*Data for analysis:*

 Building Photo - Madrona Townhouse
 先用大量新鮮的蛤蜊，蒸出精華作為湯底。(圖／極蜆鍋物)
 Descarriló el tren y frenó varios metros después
* * *
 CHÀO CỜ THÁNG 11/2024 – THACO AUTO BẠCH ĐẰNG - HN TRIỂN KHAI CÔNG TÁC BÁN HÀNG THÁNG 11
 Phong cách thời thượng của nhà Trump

*What you will do:* Only the lines above from the one with "先用大量新鮮的蛤蜊，蒸出精華作為湯底。(圖／極蜆鍋物)" up to and including the one with "Descarriló el tren" should be repeated, exactly as written.

*Answer box:*
 先用大量新鮮的蛤蜊，蒸出精華作為湯底。(圖／極蜆鍋物)
 Descarriló el tren y frenó varios metros después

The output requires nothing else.